Age Appropriate Code of Practice Comes Into Force
On 2nd September, the new Age Appropriate Code of Practice for online services came into force, with a 12 month transitionary period for organisations to put it into effect.
This code of practice is specifically aimed at how online services provide security and privacy for children. 1 in 5 internet users in the UK is a child, so this is clearly a really important topic to address.
The code builds on GDPR, with 15 flexible standards to build in protection for children. It provides practical guidance to safeguard childrens’ personal data. This affects apps, games and websites; as well as social media platforms and connected toys.
The Information Commissioner's Office (ICO) are wanting developers and designers to make these standards part of their everyday approach to digital work. They are developing a support package to assist the industry transition over the next 12 months.
They already have some resources on their site to help organisations get started.
What websites are affected by this?
Any UK website that is likely to be accessed by children is affected, so this includes news and education service websites.
It also affects websites for museums, attractions and places of interest, plus sites that would be visited by children for homework or hobbies.
Unless your site is already restricted by age (such as gambling or alcohol sites), there is some chance it is, or could be used by children.
Is my site collecting user data?
If you don’t know the answer to this question then it’s a good time to find out.
If your site has no analytics running on it, no third party scripts or embed (not even a Google map), and no forms, then it’s possible you’re not collecting any data at all.
That’s just not how websites are set up these days though. Most have various tracking codes in place from a Facebook pixel for remarketing, Google Tag Manager event tracking for custom actions or ecommerce - all of which are collecting some form of data.
The Campaign for Plain English works towards removing jargon and making information easy to read and understand for everyone.

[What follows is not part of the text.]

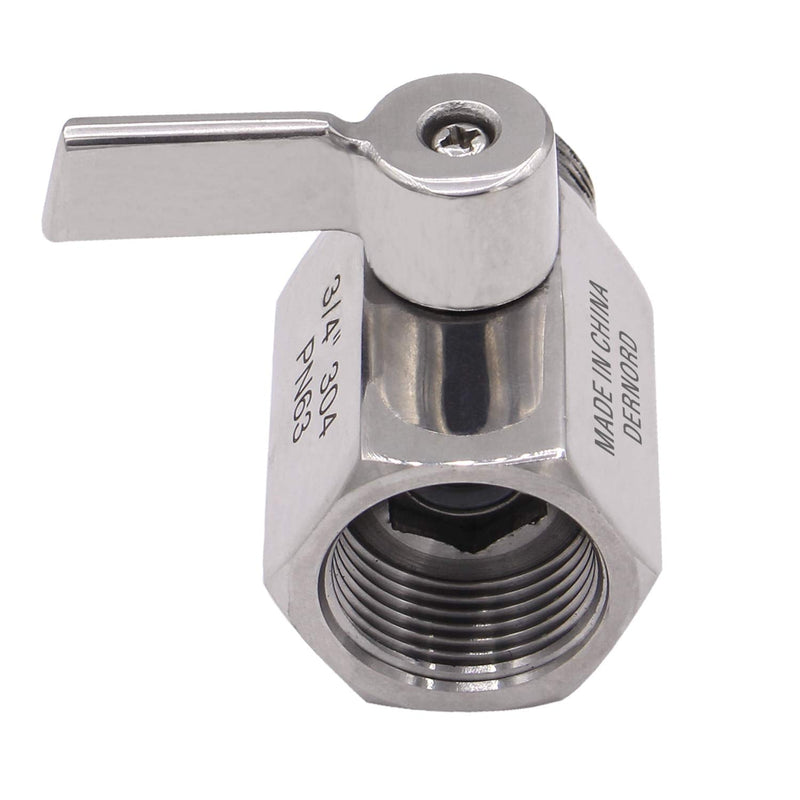 DERNORD NPT Ball Valve 3/4" NPT Famale x Male Thread with Stainless Steel 304 Handle(Pack of 2) 3/4 Inch Pack of 2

Working with them or a good copywriter will help you get your policies much more user friendly.
What do I need to do?
You will need to carry out a Data Protection Impact Assessment (DPIA) if there is a chance of high risk, but if you’re looking at starting a new site that involves user data it’s something you should seriously consider anyway.
The ICO have some checklists you can use to help you decide if you need to carry out the assessment or not, and an assessment template Word document for when you do need to go ahead.
Like any risk assessment, this is a case of planning and documenting, and taking it one step at a time.
The 15 standards of the code of practice
The 15 standards of the code of practice in summary are:
- The best interests of the child should be the primary consideration of design and development
- Data protection impact assessments, these should be carried out to assess the risks to children in relation to data privacy.
- Age appropriate application, either the digital offering needs to be suitable for all ages in relation to data privacy, or it needs to be age appropriate for the user.
- Transparency, privacy information needs to be presented in a clear and understandable manner for the age of the user, and “bite-sized” information should be displayed at the point of activation of a data feature.
- Detrimental use of data. Children’s personal data must not be used in a manner that can harm their wellbeing.
- Default settings must be “high privacy” as standard.
- Data minimisation. Collect and use the least amount of data needed to operate the service, and make sure the user understands and consents to allowing more data to be collected and what it will be used for.
- Data sharing. Children’s data must not be disclosed unless there is a serious and compelling reason to do so (and it’s in the best interests of the child).
- Geolocation should be OFF by default, and when turned on it must be obvious to the user that location tracking is taking place. At the end of each session any tracking visible to others must be returned to the OFF setting.
- Parental controls, if you provide these in your digital offering then there should be age appropriate information about these presented to the child user.
- Profiling should be OFF by default, and should only be turned on if the child user will be protected from harmful effects.
- Nudge techniques must not be used to encourage children to provide personal data or to weaken their privacy settings.
- Connected toys & devices must conform to the code.
- Online tools must provide prominent, accessible tools to help children exercise their data protection rights and be able to report their concerns.
Full details of each standard can be found on the ICO website in the side menu.
What happens if I don’t comply?
The ICO will be regulating the code of practice, and will consider how much effort an organisation has made to comply (if they don’t fully). They will be focusing on any complaints from parents, carers, teachers and children and with high risk situations as a priority. Penalties may include fines up to 4% of global turnover. They are keen for businesses to work with their guidance and support to make their digital offerings safe.